In May last year I fulfilled a life-long dream to dive with hammerhead sharks. I had to travel 9,700 km to Mozambique to do it but was amply rewarded. I have rarely felt so alive, bobbing around in a small skiff in deep blue waters teeming with life, never knowing whether I was seconds away from an encounter with mantas, whale sharks, hammerheads, tiger or bull sharks, dolphins or countless other marine creatures. I saw all of these over a ten day period apart from the whale sharks, which eluded me, but never before had I visited an area which still has so many big critters cruising its waters. 
The Scalloped hammerheads were eveything I had hoped for and more. They always seemd to come from behind us during the dives, and while we were in blue water slowly returning to the surface, sometimes one or a pair, and even small schools of up to 15, and oh how lithe and graceful. One school even passed under the boat when we were decompresing inbetween dives, causing several of us to leap in with no more than a mask.
 
That utopia has been shattered for me by increasing reports, most recently in the Guardian, of the shark and manta populations being systematically targetted by Chinese traders supplying local fisherman with improved fishing gear, and letting it be known they're willing to pay for fins and manta gill rakers (used in the Chinese medicinal trade). If nothing is done soon, the world will lose one of the last remaining regions where the marine ecosystem remains intact. Already research from the local Marine Megafauna Foundation who I talked to shows that manta populations have crashed 87% in the last 10 years.
 
The Guardian's interviews with poor fishermen reminded me of a shark fin trader at the Seafood Summit last year who insisted that catching sharks could provide poor fishers with 30% of their income. The truth is far less convincing as unregulated shark fisheries (like that in Mozambique) classically boom and bust within a few years leaving the seas empty and the fishers back to square one, while the traders simply move onto the next area - not that there are many left to exploit.
 
Mozambique has incredible potential for marine eco-tourism and is well known to South Africans, but will lose the potential to be a world-class destination in the mould of Fiji, and the multitude of safe jobs the tourism industry supports, before most people ever hear about it at this rate.

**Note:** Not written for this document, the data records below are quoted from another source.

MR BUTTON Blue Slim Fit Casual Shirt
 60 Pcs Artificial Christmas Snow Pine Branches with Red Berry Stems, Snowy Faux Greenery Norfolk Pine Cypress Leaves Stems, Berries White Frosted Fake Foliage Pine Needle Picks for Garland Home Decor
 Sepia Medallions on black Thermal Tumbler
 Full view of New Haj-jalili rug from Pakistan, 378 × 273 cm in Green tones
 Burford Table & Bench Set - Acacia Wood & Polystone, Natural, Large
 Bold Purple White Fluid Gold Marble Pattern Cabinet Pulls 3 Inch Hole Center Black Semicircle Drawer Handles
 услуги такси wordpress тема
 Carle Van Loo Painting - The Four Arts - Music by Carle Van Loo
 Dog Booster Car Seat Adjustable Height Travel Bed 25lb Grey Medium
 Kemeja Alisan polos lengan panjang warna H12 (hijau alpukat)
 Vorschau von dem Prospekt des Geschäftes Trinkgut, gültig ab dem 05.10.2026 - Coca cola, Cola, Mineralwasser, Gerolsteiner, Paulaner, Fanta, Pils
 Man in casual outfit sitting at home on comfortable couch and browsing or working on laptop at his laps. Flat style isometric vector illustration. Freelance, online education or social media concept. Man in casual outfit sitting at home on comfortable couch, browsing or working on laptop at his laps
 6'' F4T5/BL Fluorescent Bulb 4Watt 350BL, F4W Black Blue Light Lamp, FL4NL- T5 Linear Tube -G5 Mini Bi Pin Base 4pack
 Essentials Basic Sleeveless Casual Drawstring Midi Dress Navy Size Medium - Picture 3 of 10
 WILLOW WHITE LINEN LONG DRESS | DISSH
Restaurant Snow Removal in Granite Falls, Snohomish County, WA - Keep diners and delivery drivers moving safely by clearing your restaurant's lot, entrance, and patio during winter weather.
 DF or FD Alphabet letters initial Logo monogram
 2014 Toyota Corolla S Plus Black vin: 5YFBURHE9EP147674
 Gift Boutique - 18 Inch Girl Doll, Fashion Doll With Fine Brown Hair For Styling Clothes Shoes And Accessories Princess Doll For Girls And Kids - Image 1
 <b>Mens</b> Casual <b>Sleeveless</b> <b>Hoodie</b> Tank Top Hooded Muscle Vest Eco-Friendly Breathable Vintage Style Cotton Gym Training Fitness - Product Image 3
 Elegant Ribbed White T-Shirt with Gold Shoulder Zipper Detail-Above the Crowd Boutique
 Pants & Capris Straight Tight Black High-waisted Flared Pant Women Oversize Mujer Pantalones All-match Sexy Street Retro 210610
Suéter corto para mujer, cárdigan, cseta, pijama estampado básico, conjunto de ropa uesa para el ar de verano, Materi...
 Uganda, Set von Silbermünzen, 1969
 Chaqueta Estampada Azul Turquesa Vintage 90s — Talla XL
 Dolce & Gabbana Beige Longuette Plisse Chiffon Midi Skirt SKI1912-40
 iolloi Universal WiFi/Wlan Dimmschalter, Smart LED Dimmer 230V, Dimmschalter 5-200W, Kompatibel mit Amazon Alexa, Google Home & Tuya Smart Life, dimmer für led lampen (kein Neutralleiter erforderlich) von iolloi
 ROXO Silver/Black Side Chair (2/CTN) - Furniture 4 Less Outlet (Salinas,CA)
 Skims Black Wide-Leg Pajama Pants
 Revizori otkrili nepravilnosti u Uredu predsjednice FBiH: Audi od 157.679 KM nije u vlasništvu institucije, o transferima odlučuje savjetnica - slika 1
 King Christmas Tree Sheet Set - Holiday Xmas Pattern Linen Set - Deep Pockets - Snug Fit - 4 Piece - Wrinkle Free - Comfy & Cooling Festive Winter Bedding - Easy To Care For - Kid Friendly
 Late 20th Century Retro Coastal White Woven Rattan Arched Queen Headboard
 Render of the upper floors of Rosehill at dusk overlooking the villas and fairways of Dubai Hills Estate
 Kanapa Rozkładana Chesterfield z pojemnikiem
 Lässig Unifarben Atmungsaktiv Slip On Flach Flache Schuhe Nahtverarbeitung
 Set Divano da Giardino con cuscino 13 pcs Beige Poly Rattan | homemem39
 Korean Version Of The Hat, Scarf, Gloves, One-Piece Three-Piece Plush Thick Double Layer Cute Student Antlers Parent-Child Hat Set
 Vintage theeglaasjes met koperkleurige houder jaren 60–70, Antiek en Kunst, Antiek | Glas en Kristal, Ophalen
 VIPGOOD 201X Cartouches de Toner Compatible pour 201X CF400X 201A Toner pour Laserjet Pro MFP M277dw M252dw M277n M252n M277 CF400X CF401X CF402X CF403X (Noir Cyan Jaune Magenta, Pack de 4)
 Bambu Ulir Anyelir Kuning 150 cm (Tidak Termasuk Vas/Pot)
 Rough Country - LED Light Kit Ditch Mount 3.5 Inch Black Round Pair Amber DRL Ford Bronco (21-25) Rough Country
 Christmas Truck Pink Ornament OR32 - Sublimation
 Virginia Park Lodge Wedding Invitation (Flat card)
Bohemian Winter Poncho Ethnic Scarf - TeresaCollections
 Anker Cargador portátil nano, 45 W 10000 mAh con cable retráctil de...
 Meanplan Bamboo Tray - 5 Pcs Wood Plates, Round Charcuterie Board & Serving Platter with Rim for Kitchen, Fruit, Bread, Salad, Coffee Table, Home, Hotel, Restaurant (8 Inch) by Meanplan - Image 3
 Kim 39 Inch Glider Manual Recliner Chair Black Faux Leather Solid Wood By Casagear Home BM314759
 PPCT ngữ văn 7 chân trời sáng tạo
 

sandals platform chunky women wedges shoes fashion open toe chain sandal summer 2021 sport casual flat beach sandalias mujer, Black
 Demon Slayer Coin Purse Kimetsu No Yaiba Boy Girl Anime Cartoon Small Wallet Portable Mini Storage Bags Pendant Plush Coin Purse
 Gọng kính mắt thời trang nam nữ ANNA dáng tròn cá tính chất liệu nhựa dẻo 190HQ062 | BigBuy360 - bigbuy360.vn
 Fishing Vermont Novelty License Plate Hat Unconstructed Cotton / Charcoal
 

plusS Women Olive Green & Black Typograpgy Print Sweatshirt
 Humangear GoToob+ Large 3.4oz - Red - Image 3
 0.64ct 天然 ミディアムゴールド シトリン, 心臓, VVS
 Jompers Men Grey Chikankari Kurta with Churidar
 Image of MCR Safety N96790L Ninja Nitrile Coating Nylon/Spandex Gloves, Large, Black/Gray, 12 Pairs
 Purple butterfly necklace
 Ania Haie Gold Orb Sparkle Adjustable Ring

I have never ever seen with my own eyes such a clear link between fishing and marine life as in Tofo and Ponto d'Oura. The local boats were either sail-powered or - incredibly - large rowboats, so were unable to go out far or in rough weathers, and sure enough the rocky reefs just a few miles offshore were meccas for big fish.
 
I understand that the government is interested in developing sustainable shark fisheries, but this is unlikely to be a good fit for Mozambique. It can be done, and I've blogged on this before, but needs a strong fisheries management authority, good enforcement and a lot of care. No solution is going to be straightforward for a country still emerging from extreme povery, but Mozambique has incredible potential to reposition itself on the global map as a tourism hotspot where the full wonders of the ocean be experienced close-up. People will pay handsomely for the privilege.
 
The thought that fins from the sharks I dived with off the coast of Africa might end up in Sheung Wan where I live is haunting me. I'm not sure what to do about it yet, but will start by writing a letter to the Mozambique Consulate here in Central. If you've got other ideas I'd love to hear about them.